Him: I still don't know what to get you for Valentine's Day.
Me: I told you, I don't need anything. If you insist, just get me some macaroons. Actually never mind, I can't have macaroons, order me some AS chalk paint. I want to paint the antique vanity with it.
Him: Alright, get me prices.
Me: Ok. Its not like you're going to be here anyways. You'll be on 14 hour shifts that whole week.
Him: Sorry about that, maybe you'll get lucky and I'll take you on a date that weekend.
Me: If its a choice between the date and the AS chalk paint, I'll take the chalk paint.
Him: I don't even remember any of our Valentine's Days. Well, I remember that one where I surprised you and came home early.
Me: Yeah we were dating then. You drove down from school to surprise me but after we had dinner, we ended up babysitting your sisters all night.
Him: I think I purposely blocked that part out. The next year...
Me: We were married and--
Him: Broke.
Me: And the next year we were in Utah and--
Him: Super broke.
Me: And both of us had just gotten laid off.
Him: The next year we were poor but not broke.
Me: Yeah that was our first year in Georgia and last year you were gone.

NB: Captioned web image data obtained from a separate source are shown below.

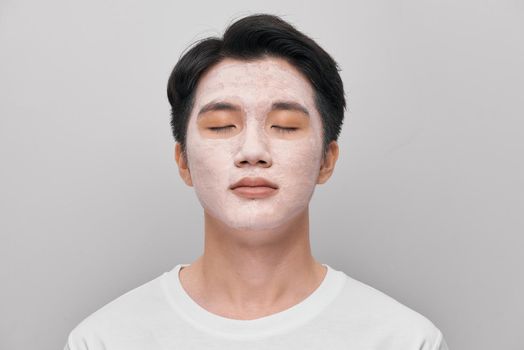 men skin care mask on white background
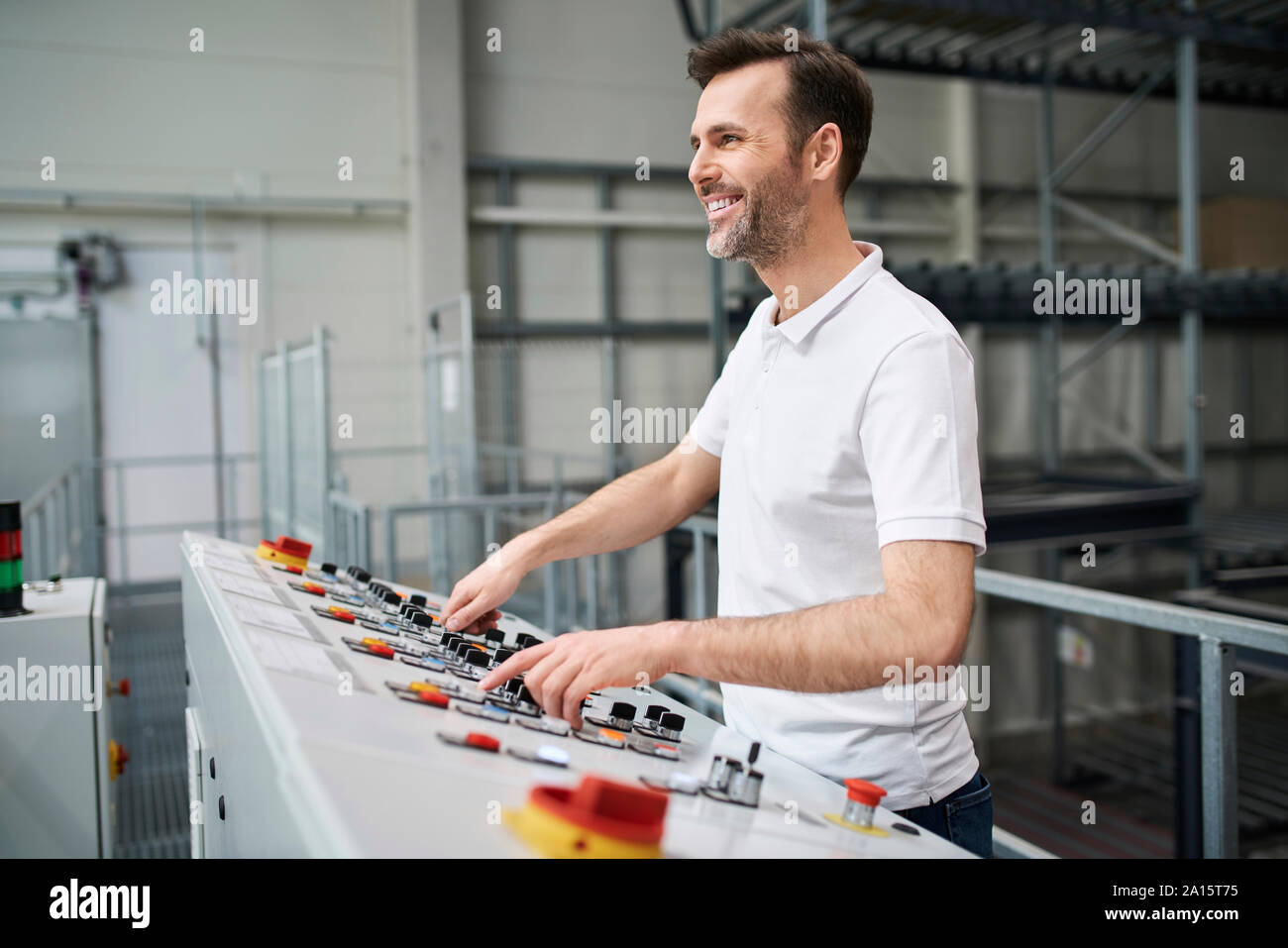 Uomo sorridente di funzionamento del pannello di controllo in una fabbrica Foto Stock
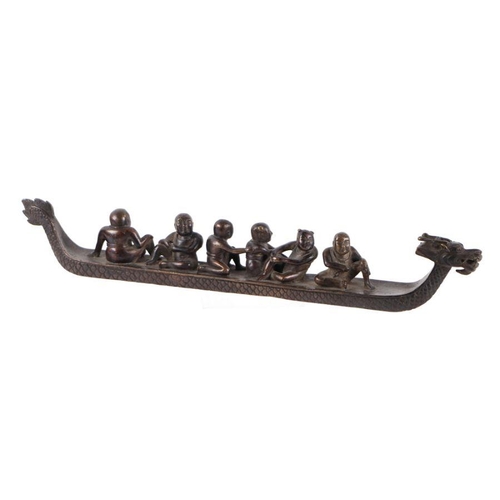 626 - A Chinese bronze dragon boat with six seated figures, seven character mark to the underside, 36cms l... 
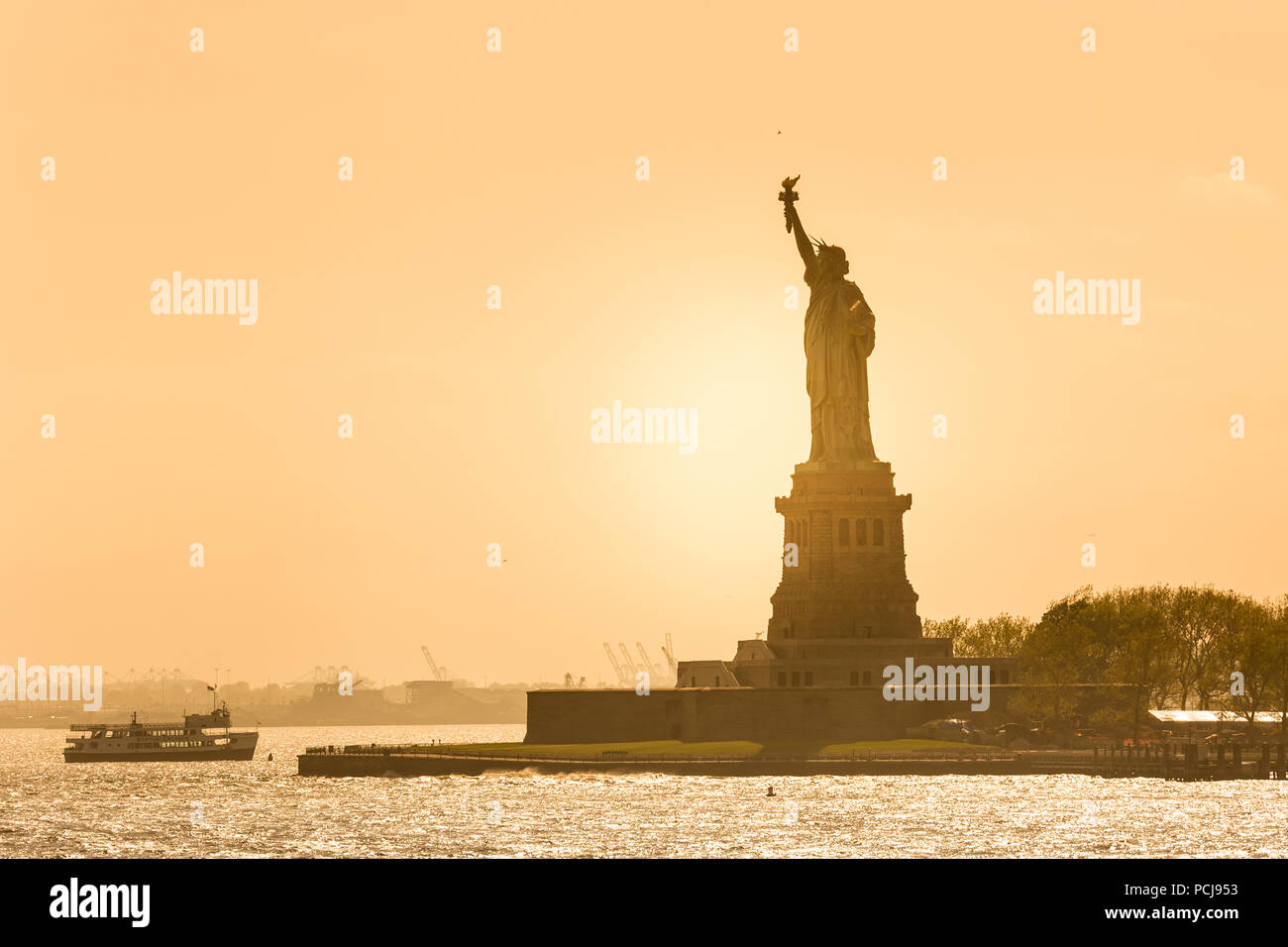 Statue of Liberty silhouette in sunset, New York City, USA Stock Photo ...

Him: And we were still poor, just from 8,000 miles apart.
Me: And this year... We're still poor and won't see each other.
SILENCE
Me: You know, we don't really do Valentine's Day very well but we sure know how to do "poor".
Him: And "broke". Sorry but we have at least 3 more years of poor.

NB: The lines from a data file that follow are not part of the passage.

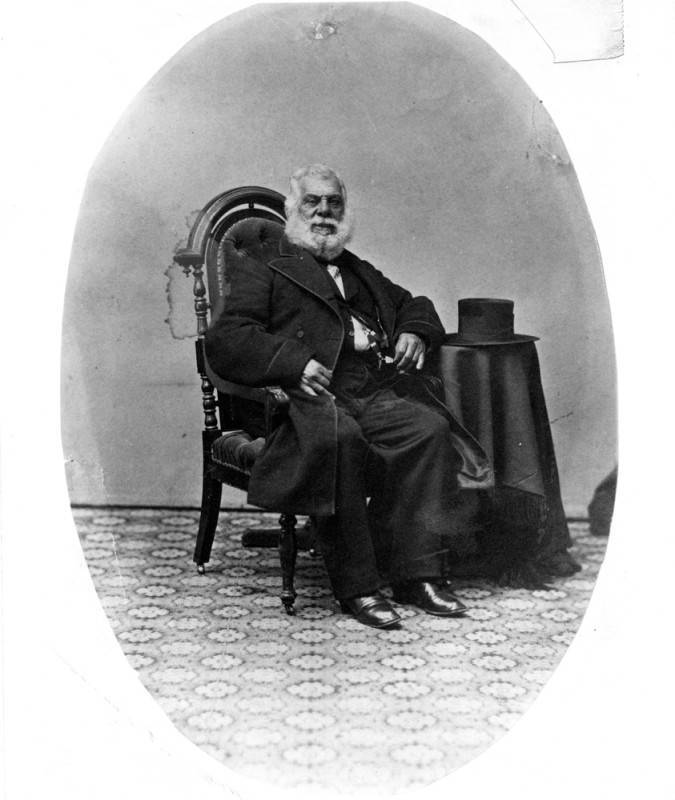 A black and white photos shows a Black and Indigenous Mexican man with a fluffy white beard and white hair wears a black coat, black pants and black shoes, and sits in a black chair. A table draped with a black tablecloth is to his right, his arm is resting on it. On top of the table is a tall black hat. The floor is tiled with a geometric pattern.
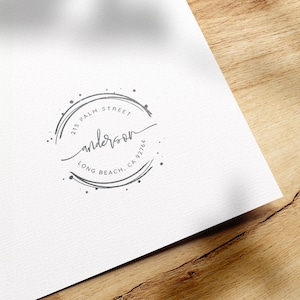 May include: A black and white logo with the text "anderson" in cursive script. The logo is surrounded by a circle with the text "215 PALM STREET LONG BEACH, CA 927164".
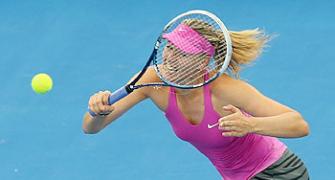 Sharapova fights back against Estonian, to meet Serena in Brisbane semis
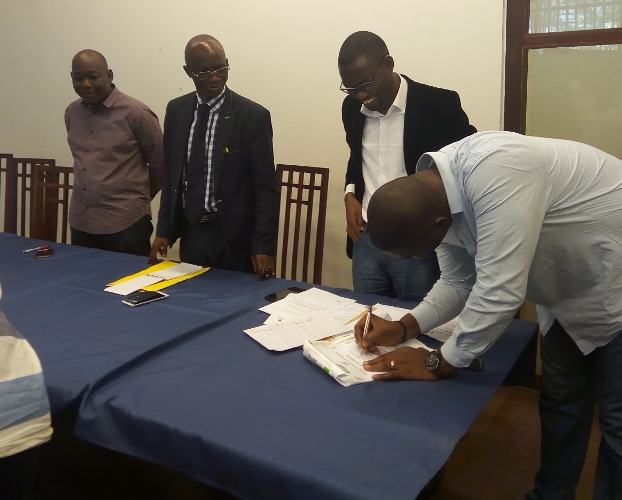 Un journaliste apposant sa signature à la charte d'engagement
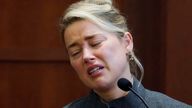 Amber Heard testifies in the courtroom at the Fairfax County Circuit Courthouse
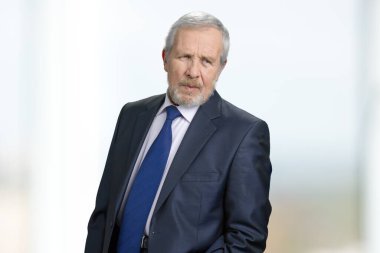 Portrait of serious older businessman in suit.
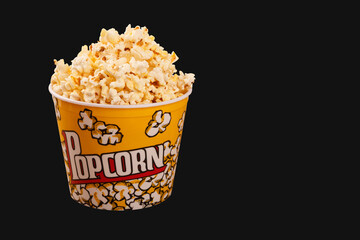 bucket of popcorn on black background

Me: Please, you know I don't care at all. Just get me some paint or a new Dremel attachment and I'm happy.
He and I do a pretty good job the rest of the year, showing our love for each other and spoiling one another with the occasional gift, night out, and unexpected surprises. Last year, I sent him a box to Afghan Land full of cards he could open when he "Needed a Hug", "Wanted a Laugh", was "Missing Me Most", and when he had "Had a Rough Day." The box also had conversation hearts because he loves them along with Bottle Caps, Hershey’s Cookies & Cream Hugs, and a slew of other really bad for him goodies. For his part, I received a beautiful bouquet of flowers, some body wash, bubble bath, bath salts, and chocolates.

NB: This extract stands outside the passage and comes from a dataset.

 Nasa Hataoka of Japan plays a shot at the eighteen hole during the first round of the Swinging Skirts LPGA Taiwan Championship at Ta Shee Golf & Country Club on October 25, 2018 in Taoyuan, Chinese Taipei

If he hadn’t been deployed and if I hadn’t been living in Arizona away from our military life in Georgia, none of this would have taken place because to us, its unnecessary. We love each other mucho mucho, there’s no doubt, but we also both know that our money can be better spent and for us, we don’t need a specific day to spoil each other or say, "I love you" a million and one times. We do that every other day of the year.
We definitely plan on doing as my parents did and making it a day of "show your love and appreciation to those around you" and probably give our kids some treats, but other than that, it’ll be just another day in the Superman household.
When I hear people stressing out about whether or not their significant other is going to get them this or send them that, I chuckle and shake my head. When I read on Facebook about how someone loathes this day of love because they have ‘nobody special’, I think its a shame. For me, its just another day and investing so much time, energy, and emotion into it seems a little ludicrous but more power to anyone who thinks otherwise.
For us, its not "Happy Valentine’s Day!" its, "Valentine’s Schmalentine’s, I love you enough every other day of the year. We don’t need images of a short, fat, winged man in a toga carrying a bow and heart shaped arrows to remind us of what we mean to one another."
I'm still waiting on that AS chalk paint Lovelies and as for Mr. Superman... I got him new running shoes two weeks ago. It was more of a "You need running shoes so let's get them and they'll be your Valentine's gift" thing more than anything else so there you have it.
What about you Lovelies, how do you feel about Valentine's Day? Do you go all out or just ignore it?